The ligand binding domains (LBD) of PPARs are well characterized, thus receptor binding of phthalates can now be studied not only in “classic” competitive receptor binding studies, but also by computer based modelling. These studies are based on calculations of the binding energies between the LBD of the PPAR and knowledge of the molecular structure of the respective phthalates (Nakagawa et al., 2008; Kambia et al., 2008; Kaya et al., 2006; Feige et al., 2007). They have revealed that the primary metabolites of phthalates (hydrolysed compounds) are more likely PPAR ligands than the parent compounds and the secondary metabolites (oxidised phthalates). For instance, computational studies suggest that MEHP can bind to PPARα and γ, whereas the parent compound DEHP is unable to bind or exhibits weak binding (Feige et al., 2007; Kambia et al., 2008). Similarly, in a co-variator recruitment study, MEHP induced a dose dependent increase in PPARγ activity, whereas DEHP and the oxidised metabolites showed no activation (Kusu et al., 2008).
When a wider range of phthalate metabolites was investigated, the ability of phthalates to bind to PPARs differed considerably between the various phthalates, and their molecular structure affected the strength of the bond (Nakagawa et al., 2008; Kaya et al., 2006). The calculated free energies from a computational screening for binding of phthalate monoesters to PPARγ correlated well (R2 = 0.82) with the log EC50 values determined in an in vitro trans-activation study (Kaya et al., 2006; Lampen et al., 2003), suggesting that data from molecular modelling could be used to identify possible PPAR ligands (Kaya et al., 2006). EC50 denotes an equivalent concentration resulting in 50 % of the maximum response level. Based on these correlations Kaya and co-authors identified 20 new phthalate monoesters that were ranked as potent PPARγ activators. Thus, a high number of phthalates, many of which have not yet been included in environmental exposure studies, could potentially activate PPARs. Although the correlation between calculations and in vitro data strengthens the reliability of data from molecular modelling, it is necessary to verify such findings in experimental model systems (Kaya et al., 2006).
In accordance with the molecular modelling studies, cell transfection studies report that both mouse and human PPARα and PPARγ were activated by MEHP, but not by the parent compound DEHP (Maloney and Waxman, 1999; Lapinskas et al., 2005). In contrast, BBzP and DnBP were able to activate all three PPAR subtypes, and to a slightly higher extent than their metabolite mono-n-butylphthalate (MnBP) (Lapinskas et al., 2005). Thus, some of the parent phthalates may activate PPARs directly, rather than through their primary metabolites.

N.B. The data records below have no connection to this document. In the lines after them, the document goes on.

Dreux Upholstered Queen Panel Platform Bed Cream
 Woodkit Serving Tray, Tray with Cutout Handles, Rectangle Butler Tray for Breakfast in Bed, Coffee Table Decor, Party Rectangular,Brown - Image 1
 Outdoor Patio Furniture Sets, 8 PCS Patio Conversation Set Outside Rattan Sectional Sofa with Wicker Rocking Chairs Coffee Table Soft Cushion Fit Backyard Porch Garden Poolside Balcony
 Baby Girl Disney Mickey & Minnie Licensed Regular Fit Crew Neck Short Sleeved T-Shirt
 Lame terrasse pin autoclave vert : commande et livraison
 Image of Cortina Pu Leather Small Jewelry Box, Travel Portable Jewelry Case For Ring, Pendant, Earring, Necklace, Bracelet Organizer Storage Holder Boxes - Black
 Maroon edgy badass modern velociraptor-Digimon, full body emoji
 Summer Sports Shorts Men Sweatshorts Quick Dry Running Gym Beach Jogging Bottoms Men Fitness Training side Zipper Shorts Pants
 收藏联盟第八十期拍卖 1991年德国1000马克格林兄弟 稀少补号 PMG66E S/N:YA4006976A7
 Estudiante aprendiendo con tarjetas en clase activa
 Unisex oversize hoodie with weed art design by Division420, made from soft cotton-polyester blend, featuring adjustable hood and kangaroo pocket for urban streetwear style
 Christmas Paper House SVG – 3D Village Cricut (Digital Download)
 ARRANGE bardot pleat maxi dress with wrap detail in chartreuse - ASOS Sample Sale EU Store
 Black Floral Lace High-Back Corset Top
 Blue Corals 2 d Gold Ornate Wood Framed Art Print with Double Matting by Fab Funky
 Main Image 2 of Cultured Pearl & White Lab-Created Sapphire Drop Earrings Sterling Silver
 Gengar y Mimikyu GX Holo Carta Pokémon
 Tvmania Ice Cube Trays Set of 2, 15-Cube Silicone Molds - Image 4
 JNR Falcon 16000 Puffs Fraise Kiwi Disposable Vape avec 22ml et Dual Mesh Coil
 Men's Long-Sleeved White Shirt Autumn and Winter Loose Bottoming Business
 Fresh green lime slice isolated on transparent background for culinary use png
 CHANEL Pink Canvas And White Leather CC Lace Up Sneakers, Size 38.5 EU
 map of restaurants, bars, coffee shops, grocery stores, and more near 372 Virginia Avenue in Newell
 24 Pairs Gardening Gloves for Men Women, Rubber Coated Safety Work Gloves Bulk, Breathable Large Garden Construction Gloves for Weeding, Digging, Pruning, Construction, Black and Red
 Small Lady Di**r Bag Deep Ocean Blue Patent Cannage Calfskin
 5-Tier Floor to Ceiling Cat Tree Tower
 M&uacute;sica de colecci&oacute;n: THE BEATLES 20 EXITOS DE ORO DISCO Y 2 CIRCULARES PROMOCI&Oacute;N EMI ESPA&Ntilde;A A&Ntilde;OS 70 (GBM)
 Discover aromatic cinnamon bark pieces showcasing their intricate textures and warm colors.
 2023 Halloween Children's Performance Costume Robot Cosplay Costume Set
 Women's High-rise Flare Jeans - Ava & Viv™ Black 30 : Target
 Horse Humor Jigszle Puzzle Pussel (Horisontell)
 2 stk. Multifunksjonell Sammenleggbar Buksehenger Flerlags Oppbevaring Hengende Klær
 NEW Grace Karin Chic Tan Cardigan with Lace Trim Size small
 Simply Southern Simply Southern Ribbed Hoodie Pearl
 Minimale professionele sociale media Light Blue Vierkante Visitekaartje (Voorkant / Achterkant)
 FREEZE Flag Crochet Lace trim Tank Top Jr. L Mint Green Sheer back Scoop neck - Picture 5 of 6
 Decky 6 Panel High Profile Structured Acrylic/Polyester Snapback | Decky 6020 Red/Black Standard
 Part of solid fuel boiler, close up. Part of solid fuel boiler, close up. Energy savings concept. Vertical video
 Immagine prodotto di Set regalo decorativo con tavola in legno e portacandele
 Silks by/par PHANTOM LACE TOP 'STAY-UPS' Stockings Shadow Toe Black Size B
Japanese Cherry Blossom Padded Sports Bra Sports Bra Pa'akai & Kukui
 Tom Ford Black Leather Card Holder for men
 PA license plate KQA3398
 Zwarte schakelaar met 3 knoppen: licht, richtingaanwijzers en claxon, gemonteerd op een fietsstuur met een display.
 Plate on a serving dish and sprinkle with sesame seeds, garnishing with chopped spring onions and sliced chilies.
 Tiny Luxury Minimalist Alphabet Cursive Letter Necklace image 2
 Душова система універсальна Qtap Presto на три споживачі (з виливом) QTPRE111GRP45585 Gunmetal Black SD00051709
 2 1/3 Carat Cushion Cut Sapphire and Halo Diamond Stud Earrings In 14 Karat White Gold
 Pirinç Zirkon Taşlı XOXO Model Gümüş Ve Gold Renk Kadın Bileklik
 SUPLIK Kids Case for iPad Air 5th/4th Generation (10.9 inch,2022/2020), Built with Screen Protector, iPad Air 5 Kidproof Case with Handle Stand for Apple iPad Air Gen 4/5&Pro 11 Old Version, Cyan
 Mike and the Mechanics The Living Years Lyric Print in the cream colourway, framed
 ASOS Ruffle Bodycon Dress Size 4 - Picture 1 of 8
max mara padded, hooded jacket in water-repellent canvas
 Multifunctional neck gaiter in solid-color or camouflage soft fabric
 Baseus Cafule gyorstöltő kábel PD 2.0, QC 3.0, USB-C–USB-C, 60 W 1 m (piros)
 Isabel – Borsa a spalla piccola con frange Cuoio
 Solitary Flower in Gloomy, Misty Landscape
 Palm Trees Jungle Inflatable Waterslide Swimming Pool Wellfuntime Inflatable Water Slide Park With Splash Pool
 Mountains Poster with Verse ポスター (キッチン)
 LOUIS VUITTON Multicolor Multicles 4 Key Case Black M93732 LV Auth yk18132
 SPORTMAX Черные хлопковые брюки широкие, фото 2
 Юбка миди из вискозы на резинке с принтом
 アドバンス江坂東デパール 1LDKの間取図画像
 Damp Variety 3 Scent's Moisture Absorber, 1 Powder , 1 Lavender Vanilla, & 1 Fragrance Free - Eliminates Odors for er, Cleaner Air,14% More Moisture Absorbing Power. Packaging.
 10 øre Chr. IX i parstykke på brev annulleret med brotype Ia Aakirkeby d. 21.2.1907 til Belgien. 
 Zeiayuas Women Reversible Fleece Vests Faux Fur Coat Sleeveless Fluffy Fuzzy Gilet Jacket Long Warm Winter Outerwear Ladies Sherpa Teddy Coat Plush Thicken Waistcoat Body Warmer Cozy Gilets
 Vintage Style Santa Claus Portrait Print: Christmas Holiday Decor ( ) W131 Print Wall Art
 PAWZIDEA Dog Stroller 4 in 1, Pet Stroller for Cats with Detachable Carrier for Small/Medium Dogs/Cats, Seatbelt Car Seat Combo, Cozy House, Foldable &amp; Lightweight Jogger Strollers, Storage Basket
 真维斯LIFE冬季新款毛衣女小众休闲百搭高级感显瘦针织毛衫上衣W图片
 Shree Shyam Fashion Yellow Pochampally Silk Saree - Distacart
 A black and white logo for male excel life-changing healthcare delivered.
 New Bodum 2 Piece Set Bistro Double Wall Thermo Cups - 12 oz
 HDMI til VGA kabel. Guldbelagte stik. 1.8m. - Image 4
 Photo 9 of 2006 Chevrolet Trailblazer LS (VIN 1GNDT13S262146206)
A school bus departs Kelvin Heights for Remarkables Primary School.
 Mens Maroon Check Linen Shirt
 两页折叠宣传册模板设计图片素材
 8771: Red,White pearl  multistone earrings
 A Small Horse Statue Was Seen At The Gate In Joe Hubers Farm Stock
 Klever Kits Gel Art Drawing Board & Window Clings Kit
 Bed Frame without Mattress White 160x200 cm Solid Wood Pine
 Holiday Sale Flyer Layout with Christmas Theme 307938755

A range of different cell lines have been applied in transfection studies using different PPAR isotypes, mouse or human, or in some cases both, in order to compare species sensitivity. A similar degree of activation for human and mouse PPARα was reported by Lampen and co-authors, whereas two other studies reported that mouse PPARα was activated at lower concentrations than human PPARα (Hurst and Waxman, 2003; Bility et al., 2004; Lampen et al., 2003). In contrast, mouse and human PPARγ were trans-activated at similar concentrations by a range of phthalate monoesters (Lampen et al., 2003; Bility et al., 2004; Hurst and Waxman, 2003). A study comparing species sensitivity for PPARδ/β reported that mouse PPARδ/β was activated by several phthalate monoesters while human PPARδ/β was inactive (Bility et al., 2004). Thus, the data concerning the affinity of human versus mouse PPAR for binding to phthalates is somewhat conflicting. It is, however, important to remember that the phthalate responses obtained also may depend on the specific cell type used. Feige and co-workers compared the ability of MEHP to activate PPARγ in different cell types and reported that the affinity (i.e. the concentration where the effect occurred) was rather similar for all cell types, while the efficacy (i.e. the maximal level of activation) seemed to vary (Feige et al., 2007).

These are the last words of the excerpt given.